Le programme offre deux cantates : Ich habe genug (Je suis comblé), initialement écrite pour voix de basse en 1727 mais adaptée par Bach lui-même pour la voix d’alto, avant Gott soll allein mein Herze haben (Dieu seul doit posséder mon cœur) composée en 1726 dès son origine pour la voix d’alto, convenant notablement à Damien Guillon et lui permettant ainsi de montrer l’étendue de sa maîtrise de la rhétorique baroque.
Immédiatement après l’introduction expressive du hautbois de Patrick Beaugiraud, le timbre du contre-ténor Damien Guillon s’empare de l’auditoire en reprenant la mélodie sur les mots Ich habe genug. La chaleur de son médium enveloppant est opportunément accentuée par l’implantation du chanteur et de son ensemble à la tribune. Ainsi enveloppée, sa voix ductile peut se déployer sans avoir à forcer une projection puissante et lumineuse dans l’aigu et soutenue dans les parties les plus graves de la partition, les notes les plus basses étant crânement assumées même sur les longues tenues de l’aria Schlummert ein, ihr matten Augen (Endormez-vous, yeux fatigués). La conduite du souffle du chanteur, tout en longueur, en maîtrise et en intelligence, lui permet une multiple palette d’expressions, du sourire de l’homme comblé à l’introspection fébrile de l’âme du croyant. Seul le dramatisme et le large ambitus utilisé par Bach dans le court récitatif sec Mein Gott ! Wenn kömmt das schöne ? Nun ! (« Mon Dieu ! Quand viendra la beauté ? 'Maintenant' ! ») semblent prendre le contre-ténor au dépourvu. La voix perd alors un peu de son mordant et de son expressivité. Le chanteur gomme bien vite cette relative faiblesse dans le joyeux et dansant air final qui met en valeur son art de la vocalise et des appuis.

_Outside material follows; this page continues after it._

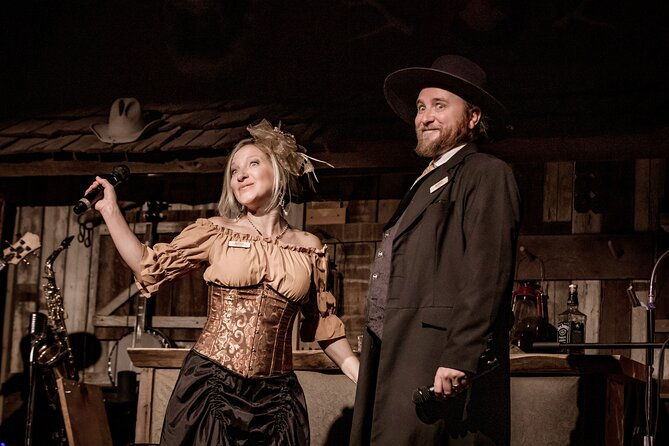 chuck-wagon-supper-western-stage-show-at-blazin-m-ranch-ticket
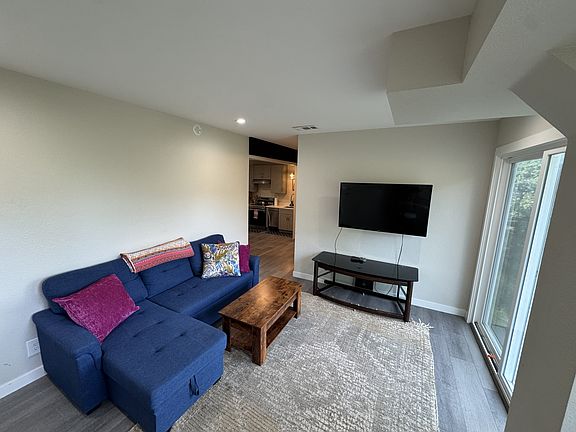 2nd image of 3131 Robinson Dr #B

Les dix années de cheminement du contre-ténor et de son ensemble avec la musique du cantor trouvent -avec la seconde cantate au programme- un parangon de lecture contrapuntique et harmonique lié à une expressivité toujours humble, au service de l’œuvre. Le travail du chanteur sur le contrôle du vibrato ou l’ornementation et la diction est exemplaire : sons droits et sons vibrés, mordants, appogiatures et trilles, legato, vocalises et inégalités, consonnes occlusives distinctes et percutantes, variations de couleurs et d’ouvertures sur les voyelles.

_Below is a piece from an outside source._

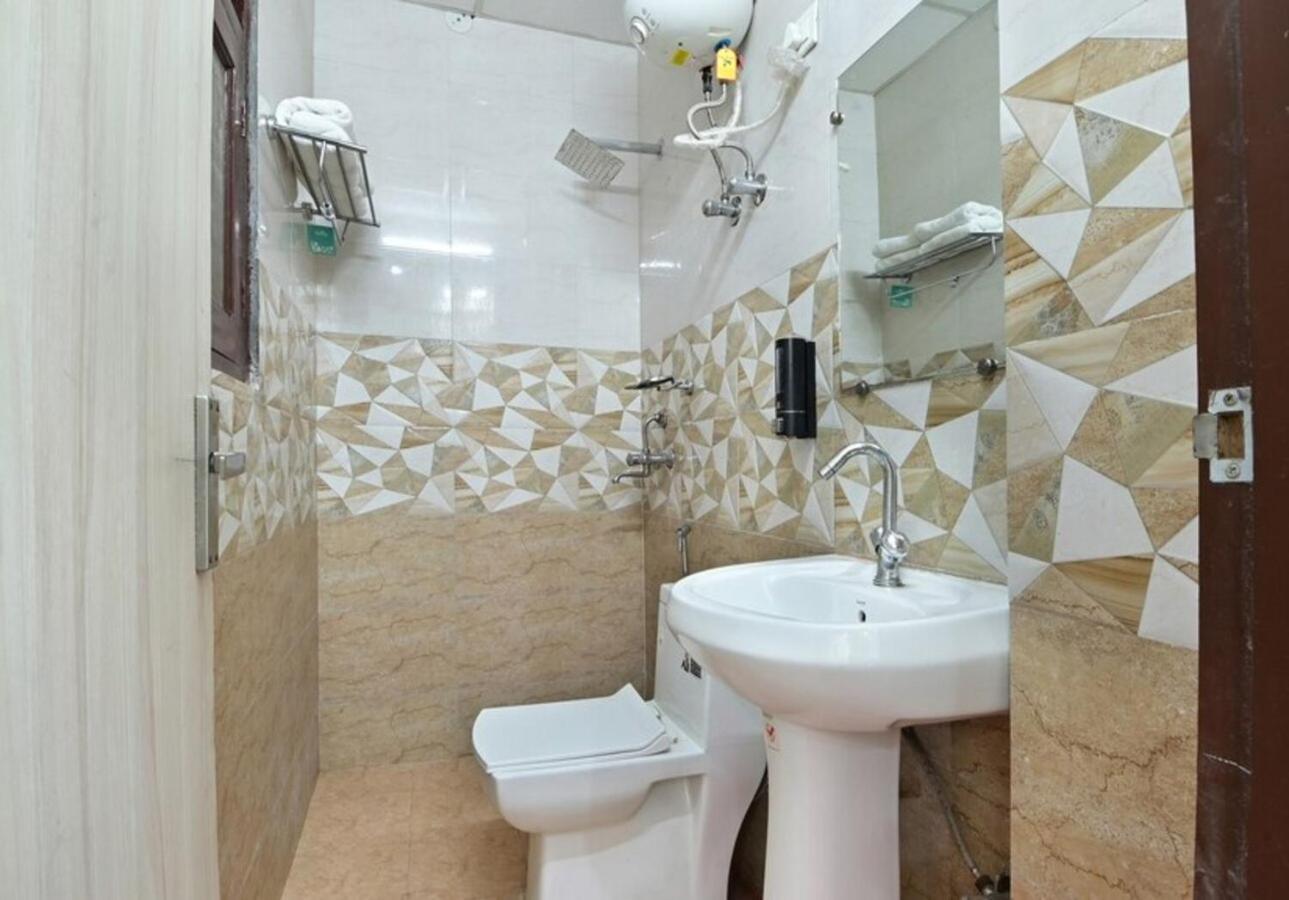 Hotel The Vertigo By Boom Rooms Noida Exterior photo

Le Banquet Céleste participe lui aussi pleinement à la réussite de ce concert. Les instrumentistes font preuve d’une grande complicité. Justesse, équilibre, écoute mutuelle et échanges de regards rieurs alliés à une maîtrise technique évidente, autant d’ingrédients réunis pour accompagner Damien Guillon. L’organiste Maude Gratton déploie l’intelligence de sa lecture contrapuntique dans les Chorals, Prélude et Fugue au programme, choix des registrations, variétés des attaques et phrasés.
Le concert se termine sur un bis du premier air de la cantate Ich habe genug (Je suis comblé). Le public semble de cet avis et reprend sa route, ravi. Les quelques coupures d’électricité qui ont émaillé ce concert n’auront su assombrir les chemins de cette lumineuse soirée.